Should CEO Succession be a Black AND White Issue?

It was notable that as Sasol’s outgoing CEO David Constable wound up his latest results presentation, the last slide referred to succession.

He must be a­­­­­­ hard worker, because his top job is to be taken over not by one man, but by two.  The incoming joint-CEOs Bongani Nqwababa (who is black) and Stephen Cornell (who is not black) were there to bid farewell to the man with two jobs as they prepare for one each.

In a phrase which belongs more in an employment contract than in a media briefing, Constable said his twin successors would be jointly and severally accountable.   Whatever that means.

Now it is about time that Sasol had a black CEO, partly because this is a new South Africa, and partly because it has had a stormy relationship with government – and black CEOs are perceived to be better at oiling the wheels in Pretoria than we pale-faces.

But why does any black CEO need an equal-in-status side-kick/partner-in-crime?   Don’t get me wrong.  There is no suggestion that either new Sasol boss will be first among equals, or that Bongani is not up to the job and needs a bit of hand-holding.

But this is South Africa, where racists lurk behind every bush and perceptions can sometimes be more important than reality.

There is a similar relationship up the Rosebank hill from Sasol HQ – at Standard Bank, where again there is a joint-CEO structure with (black) Sim Tshabalala being in charge alongside (white) Ben Kruger.

Now Sim has undoubted qualities – which help to explain his leading position in the current dialogue between the business community and President Zuma.

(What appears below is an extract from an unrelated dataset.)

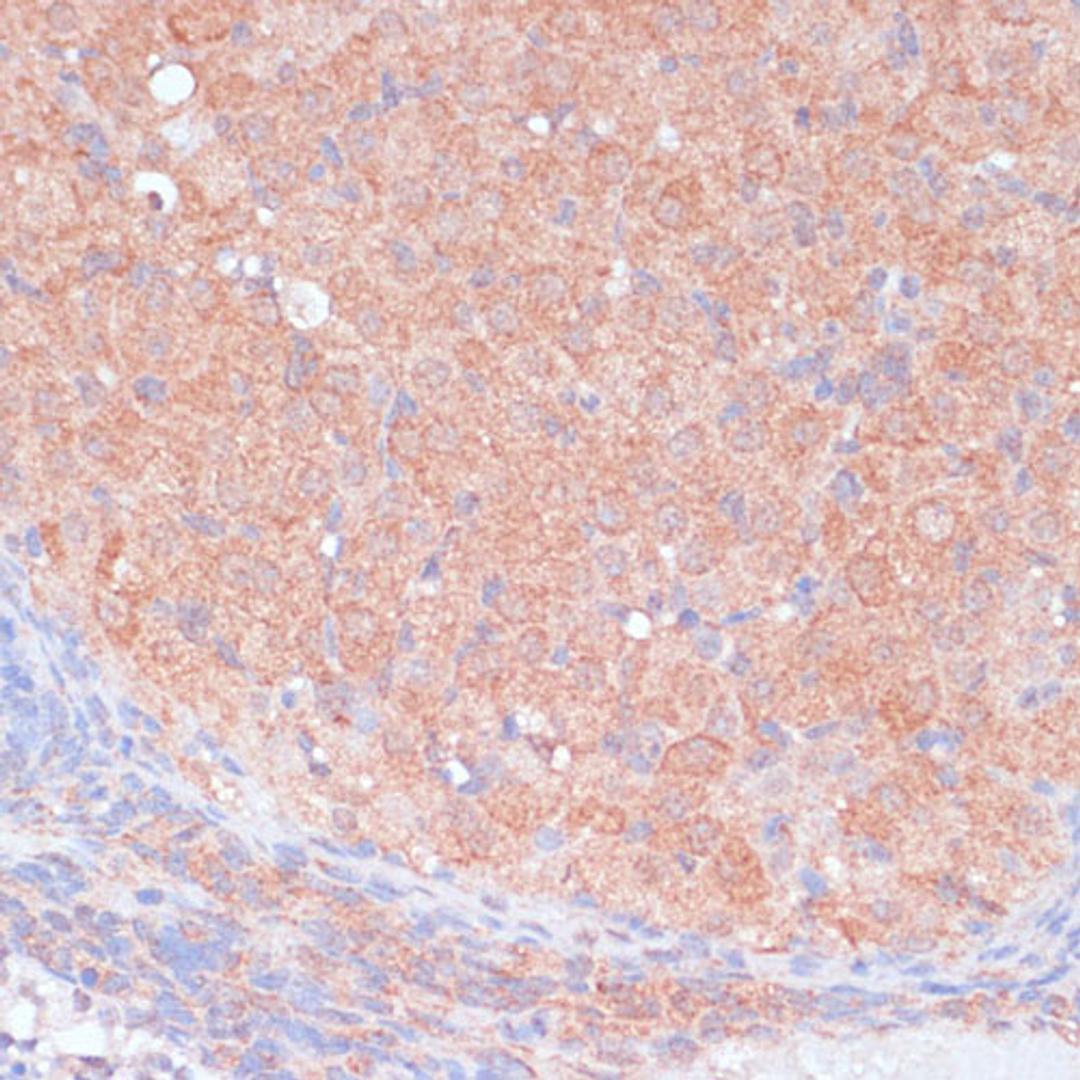 Immunohistochemistry - LRP1 antibody (A1439)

But might he not command even more respect if he were doing the CEO job all on his own?

Certainly, any company which has two equal-in-status, of-any-colour, joint-CEOs will be faced with a higher executive wage bill, as neither would wish to be seen to be paid any less than their predecessor or their boardroom equal.   And maybe there is indeed twice the value for twice the money?

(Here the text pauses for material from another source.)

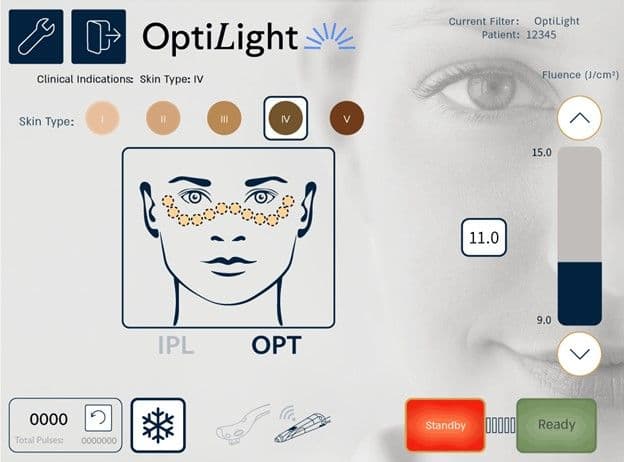 Optilif The Ultimate Guide to OptiLight for Dry Eye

However, returning to the issue of perceptions, and without any suggestion that either black joint-CEO is in any way under-qualified, it might have been better if these two giants of the business community, Sasol and Standard, had taken a slightly bolder step and had just appointed a stand-alone black CEO.

It would have saved a few rand, and given the racists less ammunition for their vile theories.